Following the release of the ASC's decision, TransAlta extended its bid to 60 days. Upon a second application by TransAlta on September 9, 2009, the ASC issued the requested cease-trade order, effective as of the 60th day of TransAlta's extended bid.

CONCLUSIONS

It now appears that where a target board is able to demonstrate the exercise of reasonable business judgment in reaching a decision that a bid is not in the best interest of the corporation, and that decision is backed by broad shareholder support, Canadian securities regulators are now showing a greater reluctance to interfere in unsolicited change of control situations. The decisions in Neo and Canadian Hydro indicate that regulators will not readily, in the words of the ASC in Pulse Data, "override the clear expression of shareholder democracy" expressed by significant shareholder approval. Where informed and timely approval or affirmation of a rights plan by a strong majority of well-informed and disinterested shareholders can be obtained, Neo provides additional precedent that such approval may be considered by regulators to be a rejection of an offer by all shareholders as a class. For a board attempting to delay an unsolicited offer with an existing shareholder-approved rights plan, Canadian Hydro provides additional precedent that a regulator may show deference to the intentions of the shareholders and enforce the substance of the particular terms of that plan. An unsolicited bidder facing a rights plan may now give greater consideration to structuring its offer as a "permitted bid" to avoid the need for a cease-trade application.

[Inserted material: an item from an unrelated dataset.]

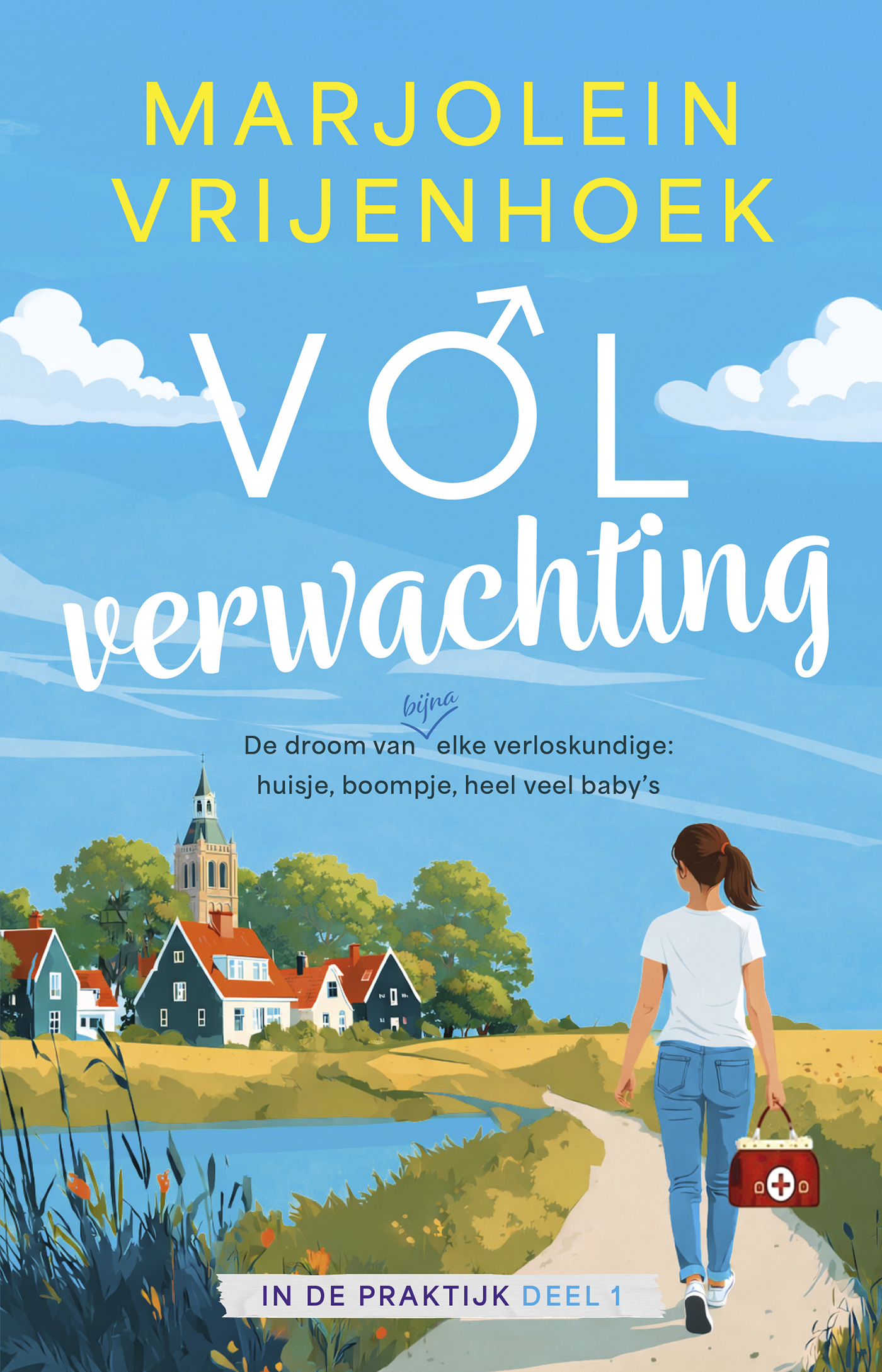 Omslag van Vol verwachting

The Pulse Data, Neo, and Canadian Hydro decisions collectively appear to reflect an evolution of the regulators' views on the role and responsibilities of a target board in a change of control context. The impact of the BCE decision on the OSC's reasoning in Neo is interesting, particularly in respect of showing deference to the decisions of Neo's board and affirmation of the business judgment rule. The Neo decision suggests that, in a change of control context, it is not inappropriate for target boards to consider the long-term best interest of the corporation. As a result, target boards, in some circumstances, may not necessarily be confined to actions that maximize shareholder value in the near term. This may mean that a target board, given the right facts, may be able to reject a coercive and opportunistic bid without undertaking an auction, especially if there is strong shareholder support for this decision. However, in other cases, it may continue to be appropriate for a target board to take a more traditional course of action and seek out competing offers.

Highlights

  • Target boards use shareholder-approved rights plans to defeat or delay bids
  • OSC influenced by BCE decision, invokes business judgment rule

The content of this article is intended to provide a general guide to the subject matter. Specialist advice should be sought about your specific circumstances.